To: Ionut Georgescu <george@xxxxxxxxxxxxxxxxxxxx>
Subject: Re: crash with bonnie++
From: Steve Lord <lord@xxxxxxx>
Date: Mon, 26 Mar 2001 08:50:15 -0600
Cc: linux-xfs@xxxxxxxxxxx
In-reply-to: Message from Ionut Georgescu <george@xxxxxxxxxxxxxxxxxxxx> of "Mon, 26 Mar 2001 12:41:20 +0200." <Pine.SGI.4.20.0103261221260.84003-100000@xxxxxxxxxxxxxxxxxxxxxxxxxxx>
Sender: owner-linux-xfs@xxxxxxxxxxx
> Hi,
> 
> I did some simple tests with bonnie++ on the CVS tree from Sunday evening.
> The command was
>       bonnie++ -f -s 512
> The system hung up. The error message was:
> 
> XFS assertion failed: iclog->ic_state != XLOG_STATE_DO_CALLBACK,
> file: xfs_log.c, line 2832
> kernel BUG at debug.c: 48!
> ...
> ...
> Kernel panic: Aiee, killing interrupt handler!
> In interrupt handler - not syncing
> 
> I tried Alt+SysRq+S -> got the same error message. Rebooted with
> Alt+SysRq+B. After reboot the filesystem looked OK.


I presume you really mean line 2032 - there is no assert anywere near
the line you reported, but this one appears at 2832. Anyway, I will go an
build a debug kernel and see if I cannot reproduce this - this code was
changed recently by a merge of a fix from Irix, you may have found a hole
in this code, or an error in the merging of the fix.

In the meantime, it should be safe to turn the debug compile option off and
run without it - it does make a major performance difference.

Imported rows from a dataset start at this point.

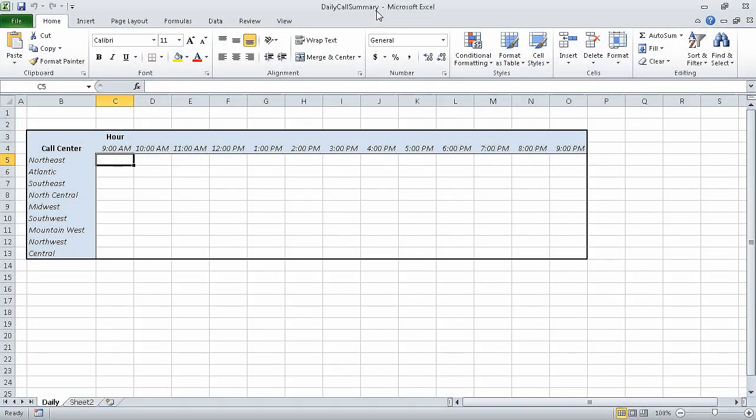In the previous section of the course, we reordered and summarized data. In this section of the course, we are going to combine data from multiple sources. In this first segment, we are going to use workbooks as templates for other workbooks.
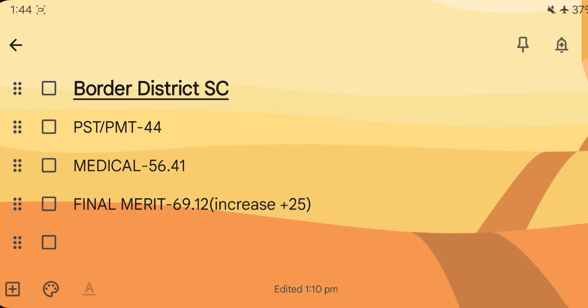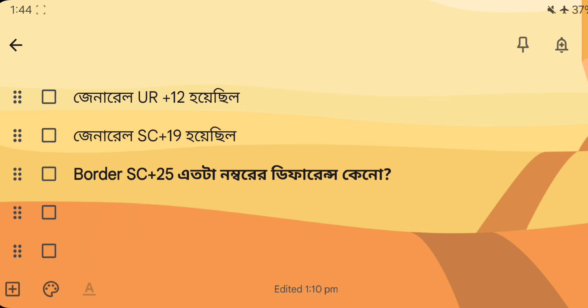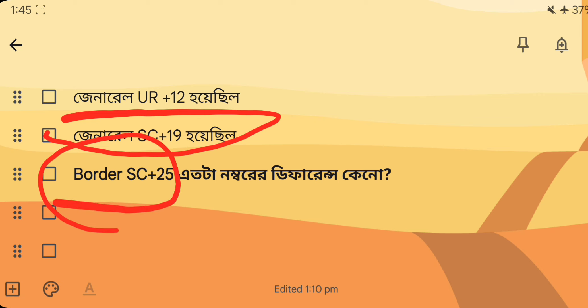The general district is UR. The general district SC is 19. The number is 45. The number is 12.00.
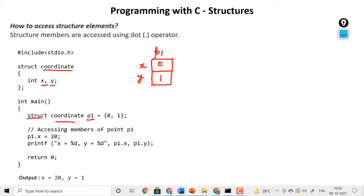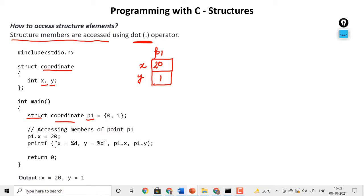Structure members are accessed using the dot operator. Here, p1.x is assigned the value 20, so x changes from 0 to 20. When we print the value of x using p1.x, we get 20, not 0, because we changed the value. And p1.y remains unchanged, so we get value 1.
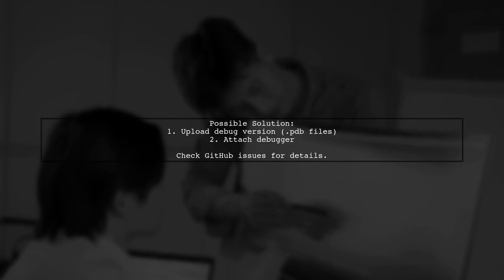You might try uploading a debug version with .pdb files and attaching a debugger. Check the GitHub issues for more insights.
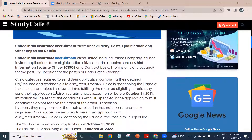United India Insurance Recruitment 2022. We are going to invite applications for CISO — Chief Information Security Officer — which is on a contract basis.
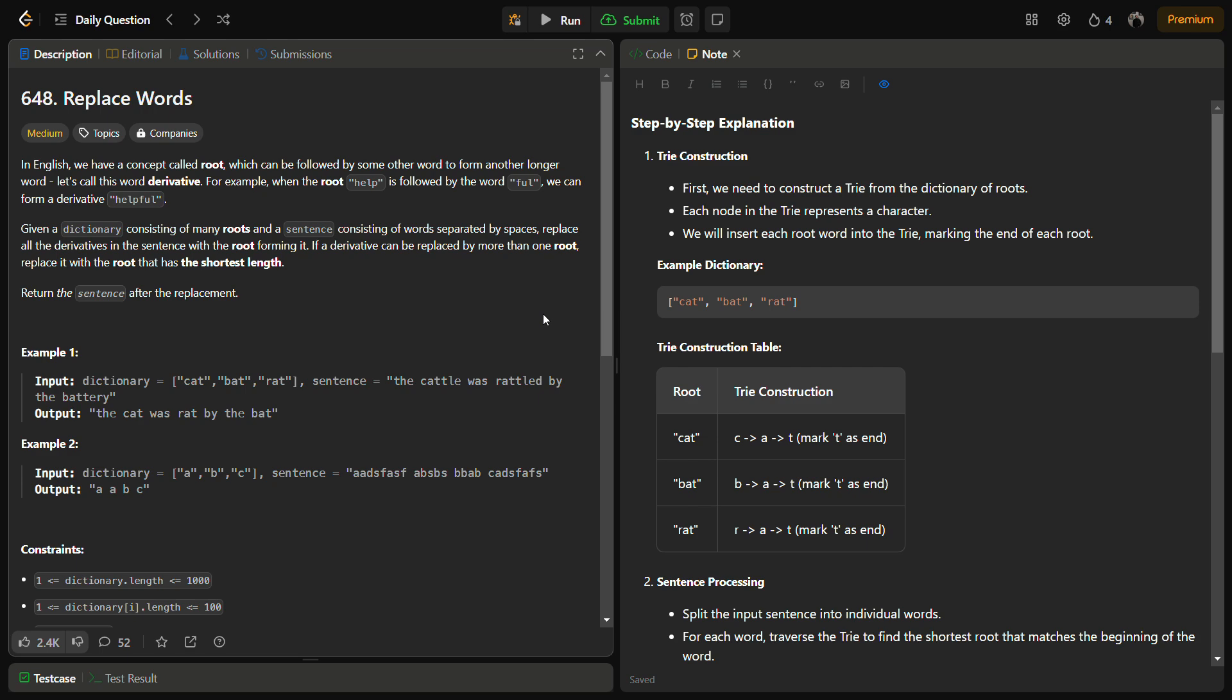Hello guys and welcome back to Leetlogix. This is the replace words problem from Leetcode and the number for this is 648.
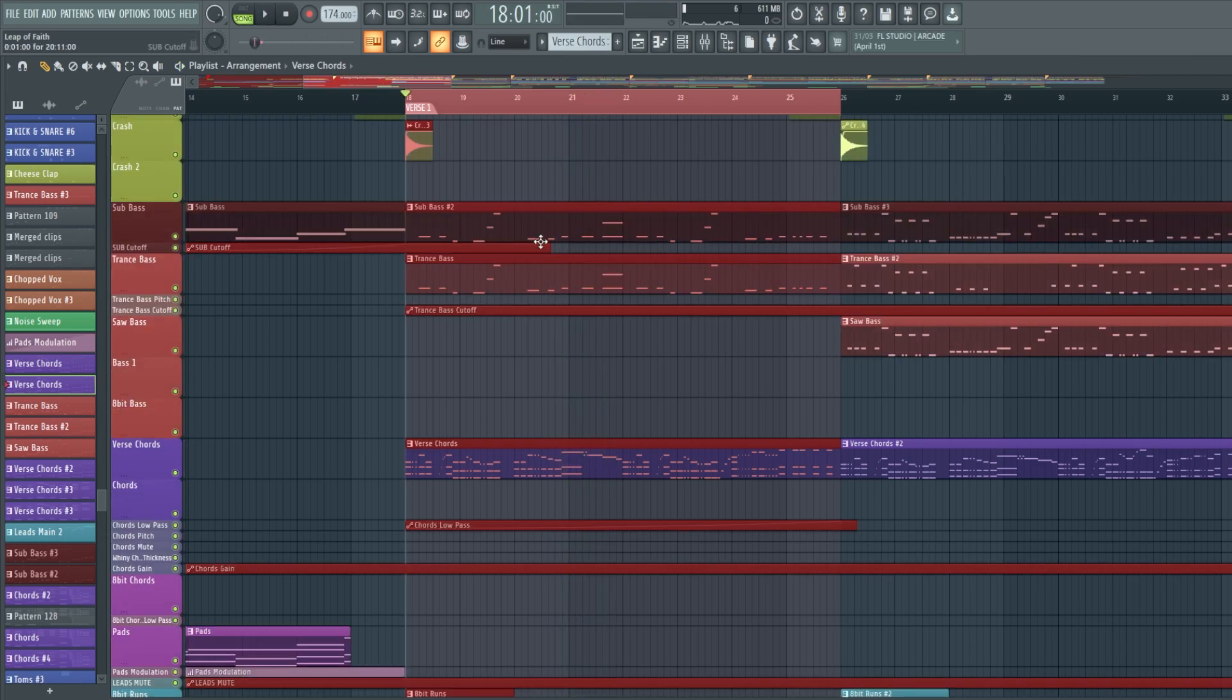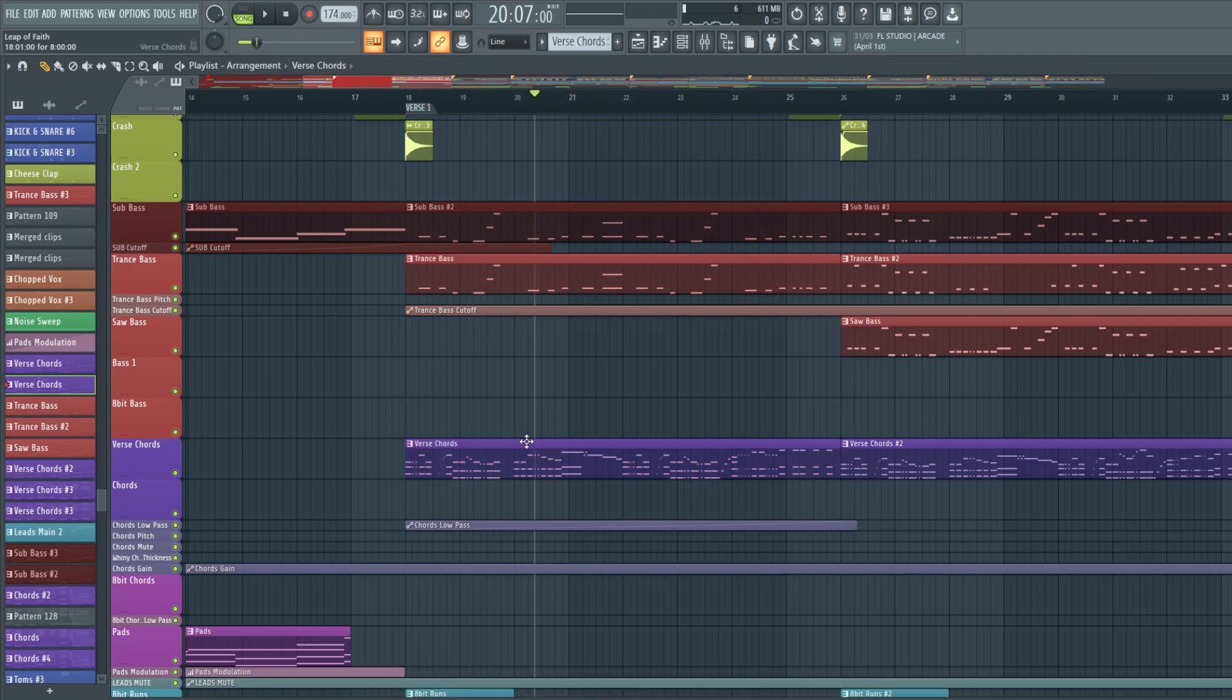Once you want to get rid of this loop, you just have to double click on a different part of the timeline with your draw tool selected. The cool thing about FL Studio is we can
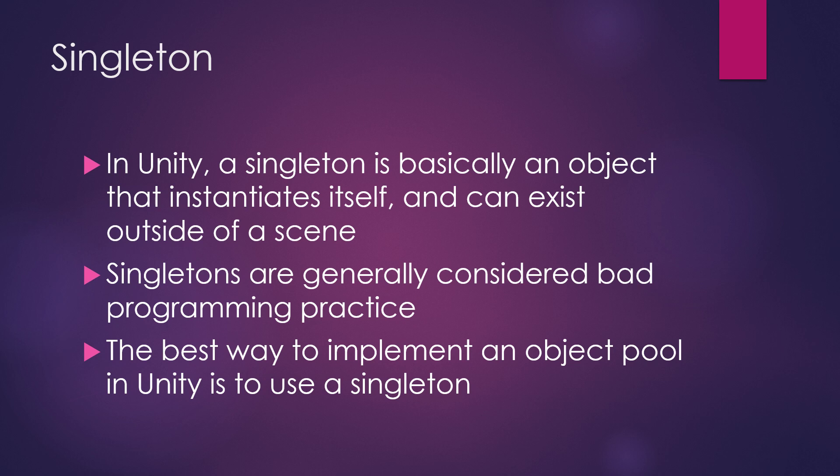Singletons are generally considered bad programming practice, and the reason why is because they can control themselves. They are instantiating themselves, and that's not necessarily good. They're considered a global. When we say they can exist outside of a scene, if you created a bunch of singletons and you didn't realize you were doing it, you have something that's sitting out there that nothing is parenting except for the app itself. So the only way they shut down is when the app shuts down.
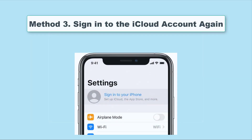This method suits those whose iPhone is unable to share with iCloud. You can try to sign out of the account. Wait for a while and then sign into your account again. Mostly, this will help.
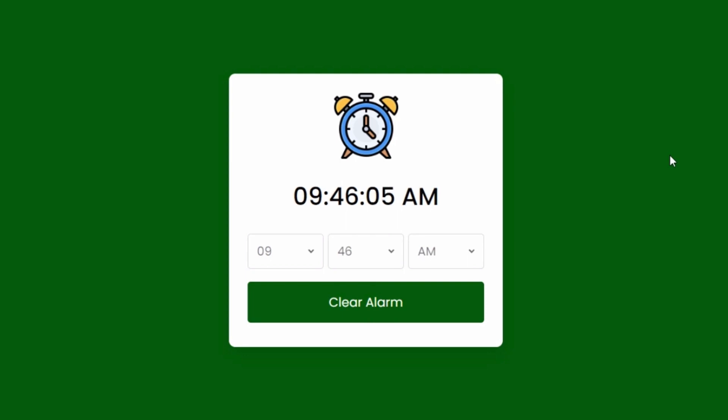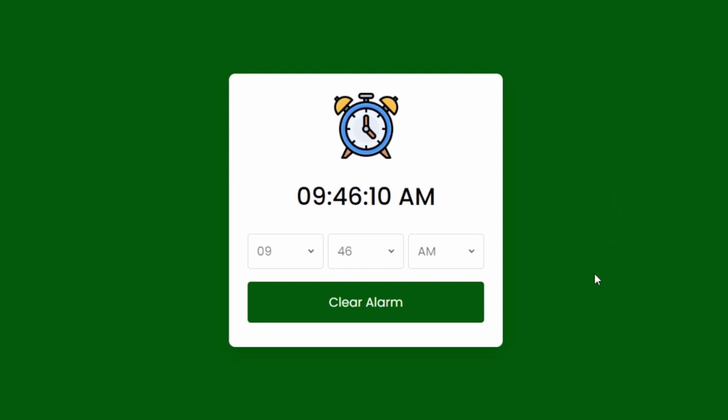Beep. Beep. Beep. Beep. Beep. Beep. Beep. Beep. Beep. Beep. Beep.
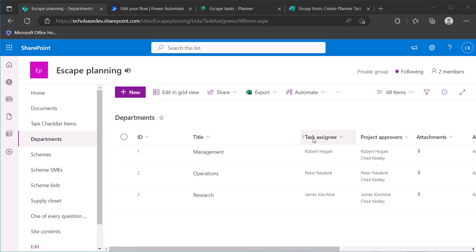It's a little bit complicated because the task assignee column is a single-select person column, so it stores an object which is the person object that has properties like the display name, the email, the job title, etc.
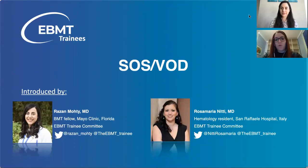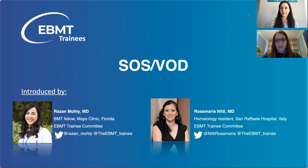Hello everybody, and welcome to the new module called Veno-Occlusive Disease. My name is Rosa Maria Nitti, hematology resident at San Rafael Hospital in Milan and part of the EBMT Training Committee. And I'm Razan Moti. I'm a BMT fellow at Mayo Clinic in Florida, and I'm also a member of the EBMT Training Committee.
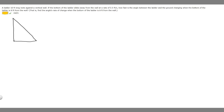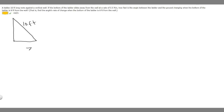In order to solve this problem, let's draw a diagram of what it looks like. So we have a vertical wall, and a ladder that is 10 feet long resting against it. We're also told that the bottom of the ladder is sliding away from the wall at a rate of 0.5 feet per second. The angle they're asking about is the angle between the ground and the ladder. When the bottom of the ladder is 8 feet from the wall, we label that distance as 8 feet.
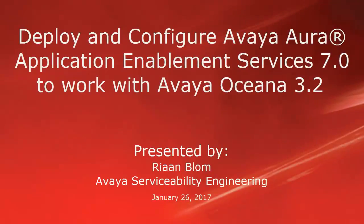Hello, my name is Rhian Blom with the Avaya Serviceability Engineering team. This video is about deploying and configuring Avaya Aura Application Enablement Services 7.0 to work with Avaya Oceana 3.2.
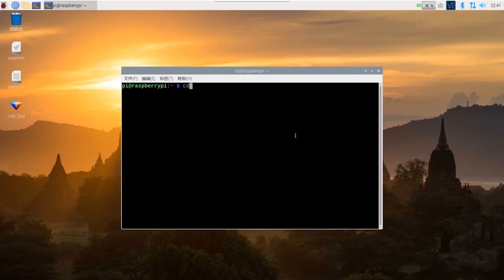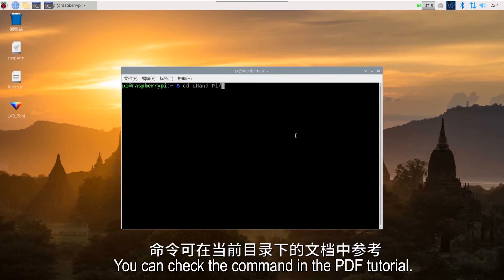Then enter this command to switch to the directory where the game programs are stored. Continue, enter this command to start the face detection game.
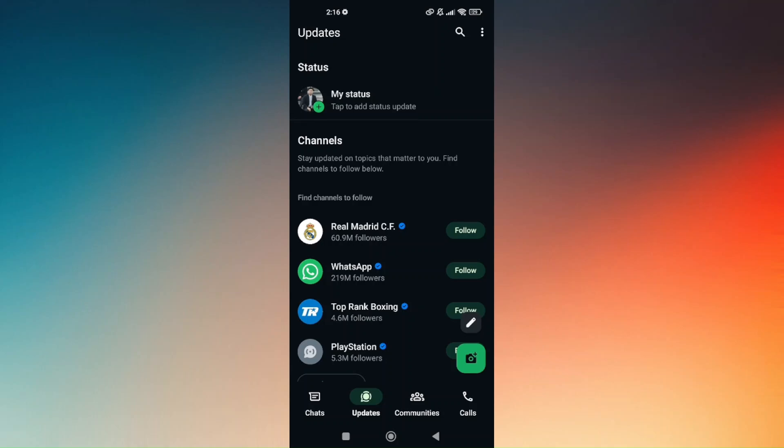If you would like to turn off your Meta AI right now, first access your WhatsApp account and make sure that you log in using your username and password.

You could also try running without the kio option, although I dount this will
make a difference.

Steve


> 
> 
> The crash is reproduceable. The box is a 1GHz Athlon with 256MB RAM. The
> partition was ~5GB on a 10 GB SCSI Drive. Controler: aic7xxx. The mkfs
> options were the defaults. The mount options were logbufs=4,kio .
> 
> I don't have experience on collecting data in such situations, so please
> excuse the 'unproper' format of the 'report' :)).
> 
> Regards,
> Ionut
> 
> 
> ***************
> * Ionut Georgescu      
> * http://www.physik.tu-cottbus.de/~george/
> * ICQ: 38973105
> * "In Windows you can do everything Microsoft wants you to do; in Unix you
> *                can do anything the computer is able to do."